Tytuł: Upadłe anioły. MisjaTytuł oryginalny: CovetSeria: Upadłe anioły #1Autorka: J. R. WardTłumaczenie: Zuzanna ZałęskaWydawnictwo: VideografOkładka: miękkaIlość stron: 456Data wydania: 03/02/2014ISBN: 9788378350224Gatunek: obyczaj z domieszką fantastykiMoja ocena: 2/6
Gra się rozpoczyna…
Jim Heron
to budowlaniec, który od jakiegoś już czasu pomieszkuje w Caldwell. Razem z
dwoma swoimi kumplami: Adrianem i Eddiem, pracuje na placu budowy jednej z
największych i najbardziej okazałych rezydencji. Ich zleceniodawcą jest największy
miejscowy magnat – Vin diPietro.
Nasz
protagonista nie należy do zbyt towarzyskich osób, dużo bardziej woli mieć po
prostu święty spokój. Toleruje jedynie towarzystwo swoich kupli. To właśnie z
nimi dość często odwiedza bar zwany „Żelazną maską”. Właśnie tam poznaje pewną
piękną i ponętną nieznajomą. Podpuszczony przez przyjaciół i skuszony przez
kobietę, Jim spędza z nią upojne i namiętne chwile. Po wszystkim ma lekkie
wyrzuty sumienia i wielkie nadzieje, że więcej się już nie spotkają. Uważa, bowiem
iż taka kobieta zasługuje na coś lepszego. Niestety jego nadzieje okazują się
płonne. Jego partnerka okazuje się, bowiem przyszłą narzeczoną… diPietra. Ta
wiadomość komplikuje życie Herona, który w wyniku wypadku traci życie, aby
ponownie je odzyskać. Z tym, że wraca już wtedy z pewną misją do wypełnienia. Na
rozkaz aniołów ma pomóc pewnemu człowiekowi dokonać odpowiednich wyborów. Chodzi
nie, o kogo innego, jak o samego Vina diPietro. Jeżeli misja Jima zakończy się
fiaskiem, całą ludzkość czekają mroczne czasy. Zresztą to samo można powiedzieć
o aniołach. Co takiego może się wydarzyć? Jaki finał będzie miała ta historia?
Wyżej
streszczona powieść jest tomem rozpoczynającym nową serię autorki, znanej i
kochanej przez miliony fanów na całym świecie za sprawą Bractwa Czarnego Sztyletu – J.

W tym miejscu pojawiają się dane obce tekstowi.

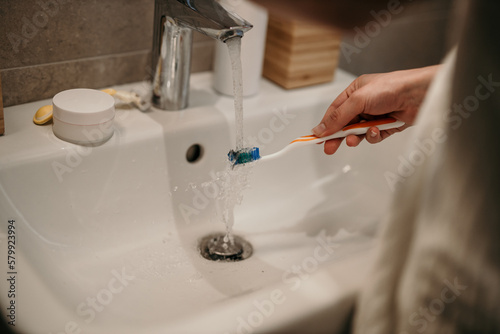 A woman is about to brush her teeth. Focus on a hand holding a toothbrush under the water in a bathroom sink.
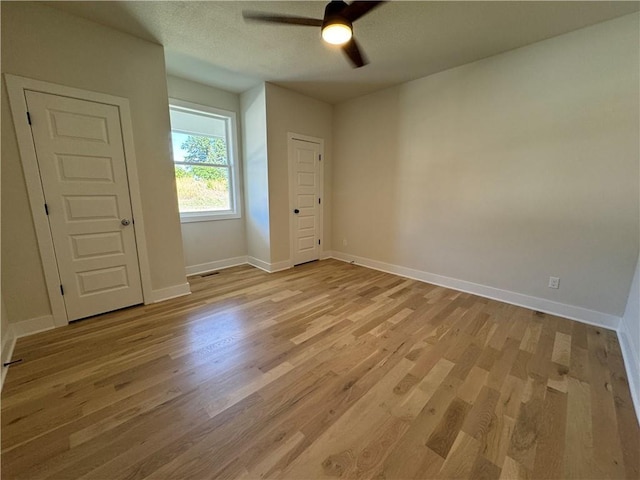 22415 87th Ter, Lenexa, KS 66227 - unfurnished room with a ceiling fan, light wood finished floors, baseboards, and a textured ceiling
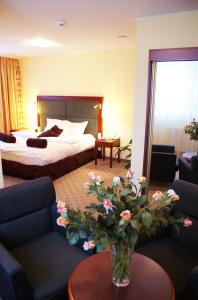 皮佐维斯维尔加卡托维兹机场酒店的配有一张床和花瓶的酒店客房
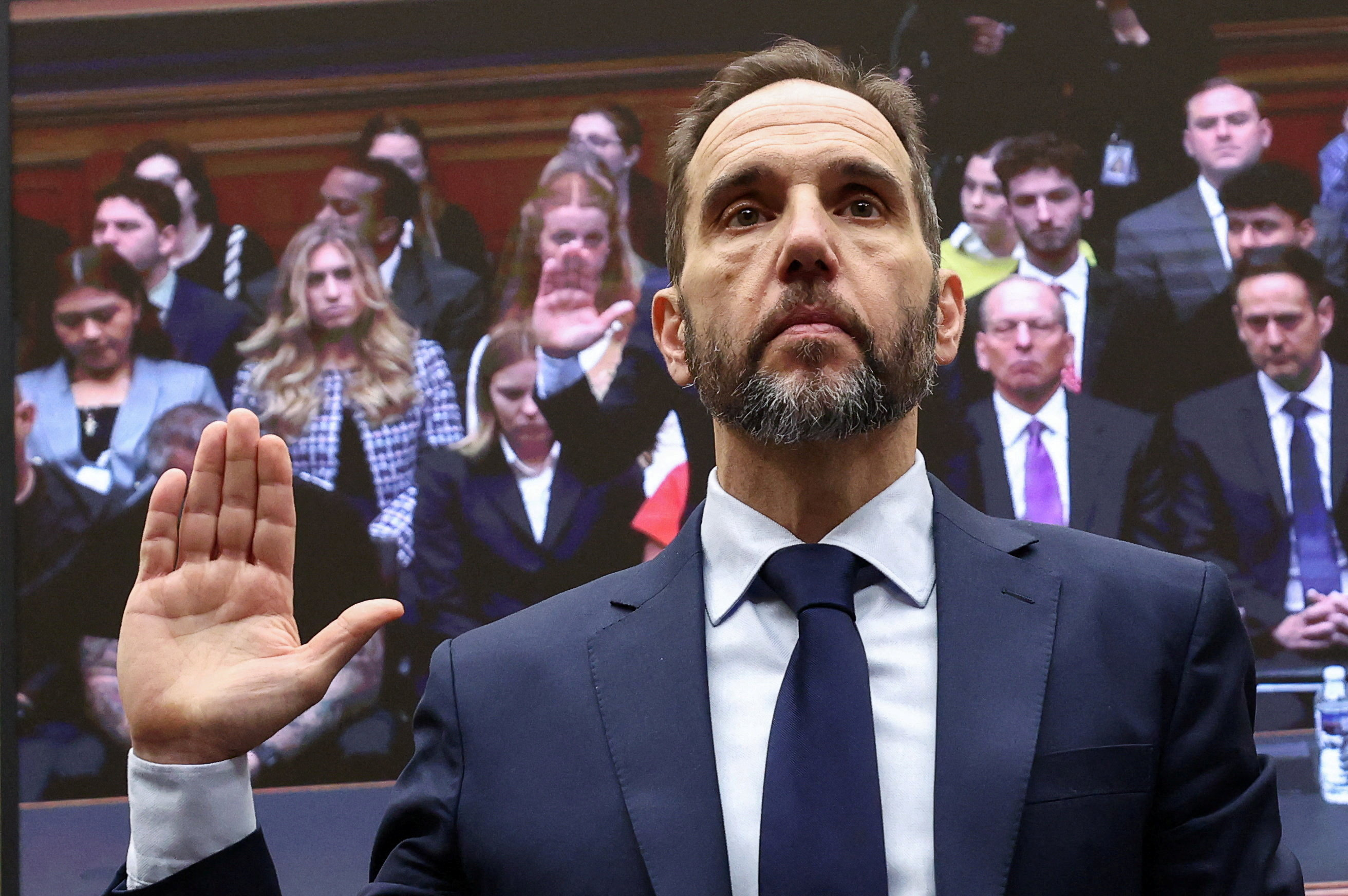 Former Special Counsel Jack Smith raises his hand to swear in, as he is to testify.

R. Ward. Przyznam, ze sama zaliczam się do tego licznego grona wielbicieli
i z niecierpliwością, ale także i z pewną dozą niepewności, wyczekiwałam
polskiej premiery Upadłych aniołów.
Misji. Czy moje obawy względem tej książki okazały się słuszne? Niestety,
ale w dużej mierze… tak.
Zupełnie
nie tego się spodziewałam, kiedy rozpoczynałam lekturę. Chociaż muszę przyznać,
że sam prolog wyglądał naprawdę obiecująco. Autorka nie wiele w nim zdradziła,
dzięki czemu można było odczuć zaciekawienie resztą tej historii. Niestety już kolejne
strony udowodniły, że wszelkie szanse na dobrą lekturę zostały zaprzepaszczone.
Wszystkie opisy, czy też dialogi wyglądały sztucznie i naciąganie, a poza tym
były nudne i nijakie. Do tego stopnia,
że miałam ogromną ochotę od razu rzucić książkę w kąt. Jednak ze względu na
sentyment do twórczości autorki, postanowiłam zagryźć zęby i brnąć dalej.
Pocieszałam się myślą: nóż, widelec, coś się w końcu ruszy do przodu i lektura
z tortury zmieni się, chociaż w lekką przyjemność. Na szczęście moje męki
zostały złagodzone. Wystarczy dobrnąć do połowy powieści, żeby w końcu zaczęło
być z górki.
Sama
koncepcja na omawianą powieść, oraz na całą serię, jest naprawdę świetna i ma
naprawdę spory potencjał. Szkoda tylko, że Ward
nie przyłożyła się do dopracowania poniektórych szczegółów. Doskonałym tego
przykładem jest na przykład wątek przewodni dotyczący tego, iż Jim ma pomagać
ludziom w imieniu aniołów. Nie kłopoczcie się z wypatrywaniem jakiegoś
sensownego wyjaśnienia zaistniałej sytuacji, ponieważ go nie znajdziecie.
Pisarka potraktowała ten temat po macoszemu i podrzuciła tylko parę informacji…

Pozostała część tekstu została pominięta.